1822_wareLa salle Chris Ware de l’exposition Quintet, Photo (c) Mikaël Demets Encore faudrait-il que cette entrée de la bande dessinée au musée soit pertinente. Il ne s’agit évidemment pas de se demander si cette « sous-culture » mérite ou non de franchir le seuil de la mémoire artistique – que les ignorants qui s’y opposent ouvrent un album de Ware, Masse ou consorts -, mais bien de savoir si l’alignement de planches ou de dessins préparatoires sur un mur possède un réel intérêt. « Aujourd’hui, les gens sont très intéressés par les arts visuels, analyse l’Américain Chris Ware, l’un des cinq auteurs exposés au MAC de Lyon. Ca marche de mieux en mieux, donc les musées n’hésitent plus à recourir aux auteurs de BD, souvent aussi intéressants que des artistes visuels. Mais la priorité, c’est d’être intéressant à lire.« 

Et c’est bien là que l’on touche à l’absurdité des expositions consacrées au 9e art : admirer une planche sortie de son contexte, amputée de son intrigue, est-ce bien judicieux ? Une telle démarche nie l’essence même de la bande dessinée, la réduisant à un objet purement artificiel et esthétique, déconnecté de sa réalité narrative. « Pour moi, la bande dessinée reste un art à lire, et non un art à voir », insiste Ware. Par définition, la bande dessinée joue sur l’interaction fusionnelle entre texte et image, elle est un langage, une forme d’écriture, et non une illustration.
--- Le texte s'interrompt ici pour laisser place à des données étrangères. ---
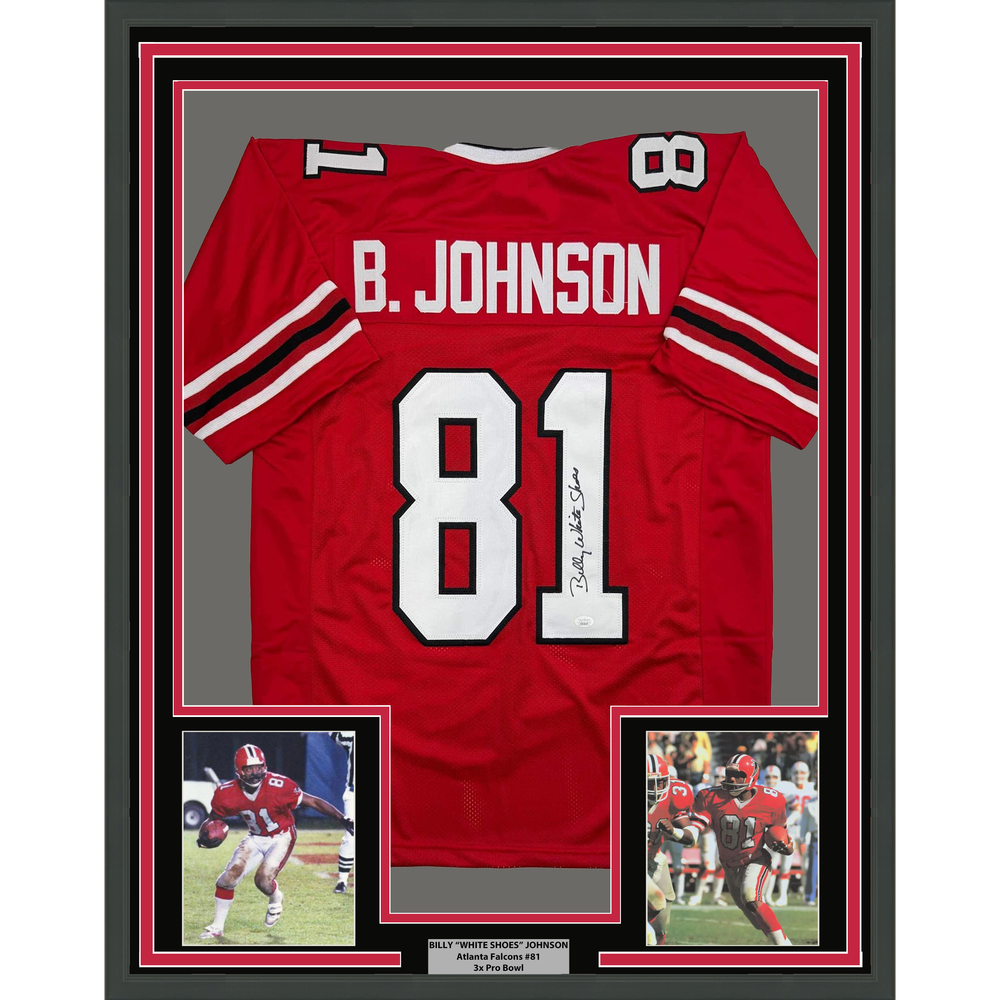 Framed Autographed/Signed Billy White Shoes Johnson 35x39 Atlanta Red Football Jersey JSA COA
Chris Ware tend ainsi à rendre son dessin invisible, au service d’une histoire, comme la typographie sert la lecture du roman. Pour entrer au musée, la bande dessinée force sa nature ; les scénaristes restent dehors et les auteurs ne sont plus que des dessinateurs.
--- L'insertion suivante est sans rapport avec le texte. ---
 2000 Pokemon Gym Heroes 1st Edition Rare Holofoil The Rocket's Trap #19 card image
(1) Tous les propos cités dans cet article sont tirés d’entretiens réalisés par Evene avec Scott McCloud (Angoulême, janvier 2008), Winshluss (Paris, janvier 2009), Chris Ware (Angoulême, janvier 2009) et Francis Masse (Lyon, février 2009), exceptées les paroles de Stéphane Blanquet, issues du catalogue de l’exposition ‘Quintet’ (éditions Glénat).(2) L’expression est de Christian Rosset, qui a réalisé l’introduction du catalogue de l’exposition ‘Quintet’. Il est également l’auteur de l’excellent essai critique sur la bande dessinée ‘Avis d’orage en fin de journée’ (éditions L’Association).